+++ INPUT RECORDS +++
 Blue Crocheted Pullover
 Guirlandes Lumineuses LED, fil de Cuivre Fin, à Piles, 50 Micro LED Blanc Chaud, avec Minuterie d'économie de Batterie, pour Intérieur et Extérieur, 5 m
+++
+++ INPUT RECORDS +++
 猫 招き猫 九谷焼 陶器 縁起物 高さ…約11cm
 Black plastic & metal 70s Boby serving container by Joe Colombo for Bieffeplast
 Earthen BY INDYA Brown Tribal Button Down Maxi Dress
+++
-- PROBLEM --
Give back, exactly as written, the stretch from the line with "Black plastic &" through the line with "Earthen BY INDYA", and no other lines from the records above.

-- REPLY --
 Black plastic & metal 70s Boby serving container by Joe Colombo for Bieffeplast
 Earthen BY INDYA Brown Tribal Button Down Maxi Dress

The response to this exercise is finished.